From a humble tuber to one of the world's main food crops

Here are more facts, some not so well-known, about this very popular item in our day-to-day meals. The potato which is one of the most popular vegetables worldwide and one of the world's main food crops today, was long ago, a humble tuber growing in the valleys, high up in the Andes mountains in South America. It was cultivated long before the Incas established their kingdom. It is a vegetable that has a history of about 800 years.

The potato is a tuber. The swollen end of an underground stem is called a stolen. Tubers grow from this stolen, usually about six or seven, sometimes as many as 20. What we call potatoes and eat are these tubers.

How did this tuber become one of the world's main food crops? Rice is the staple food of more than half the world's population. Maize comes second.

The potato is a close rival for second place.

The Spaniards who came to S. America in 1520, a little after the Portuguese came to Sri Lanka, found the potato being cultivated in the Andes valleys facing the Pacific coast.
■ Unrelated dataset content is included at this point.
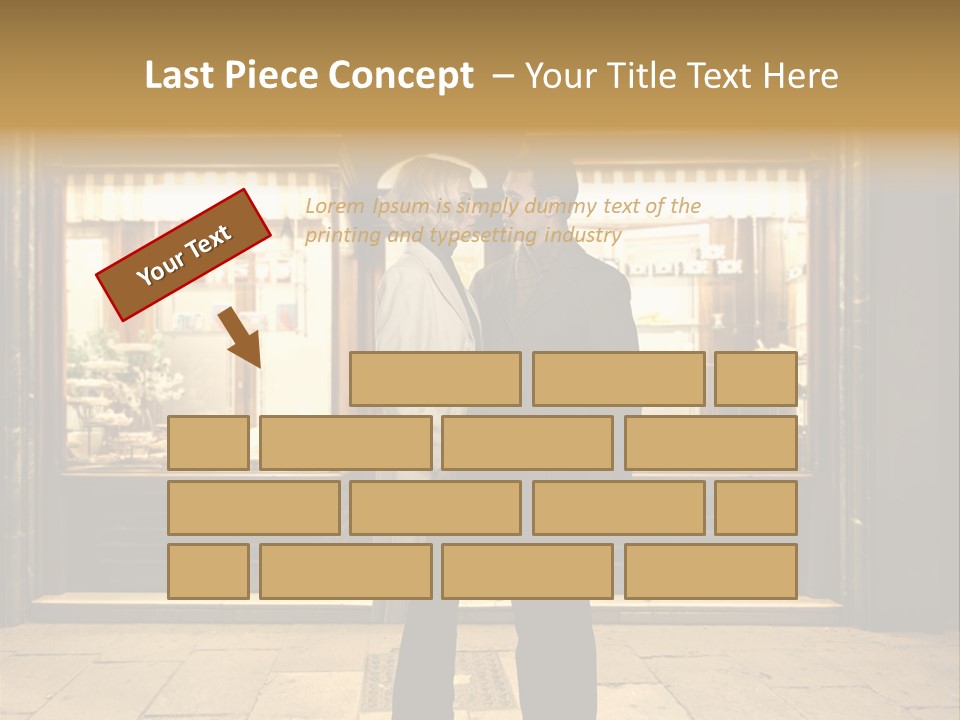 Night Topcoat Fashion PowerPoint Template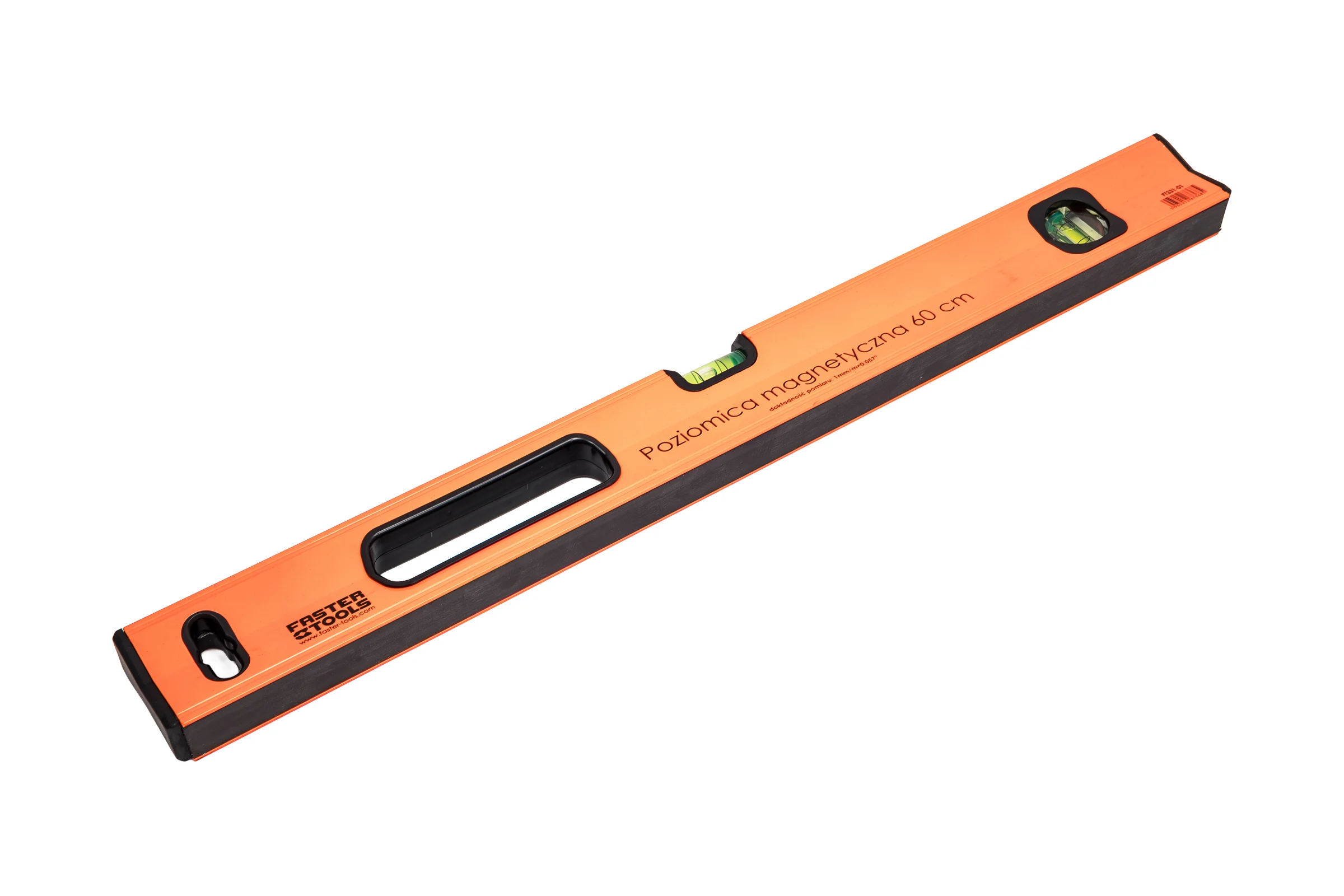 Магнитный уровень FASTER TOOLS 60 см 368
It was a food crop in the region extending from present day Chile to Ecuador. They, the Spa, brought the potato across the Atlantic to Europe, probably about 1550. Others followed.

John Hawkins, a slave trader is said to have brought it to Ireland in 1565. Walter Raleigh, soldier, explorer and favourite of Queen Elizabeth I brought the potato to England in 1586. Francis Drake introduced the potato to France and the Netherlands and soon after, this new comer was found in the gardens of the aristocracy in Germany.

There are interesting anecdotes about the early efforts to cultivate this foreign plant. Here is one such anecdote. Thomas Heriot, a mathematician, planted some seed potato on his estate in Ireland. The plants bore small berries which the mathematician tried to eat. He found them inedible (not fit to be eaten). Disappointed and angry he ordered his gardener to uproot the plants.

It was then that the tubers growing under the soil were discovered. (The cultivated plants don't bear berries like those growing in their native lands).

Here is another. When the potato was introduced into Germany, it was grown only in the gardens of the aristocracy. The ordinary farmers were not interested in this foreign plant. King Fredrick the Great resorted to a trick to make farmers grow potatoes. He had the royal estates guarded by soldiers. The farmers thinking that this must be a very valuable plant, slipped into His Majesty's fields in the night and stole plants for their own farms.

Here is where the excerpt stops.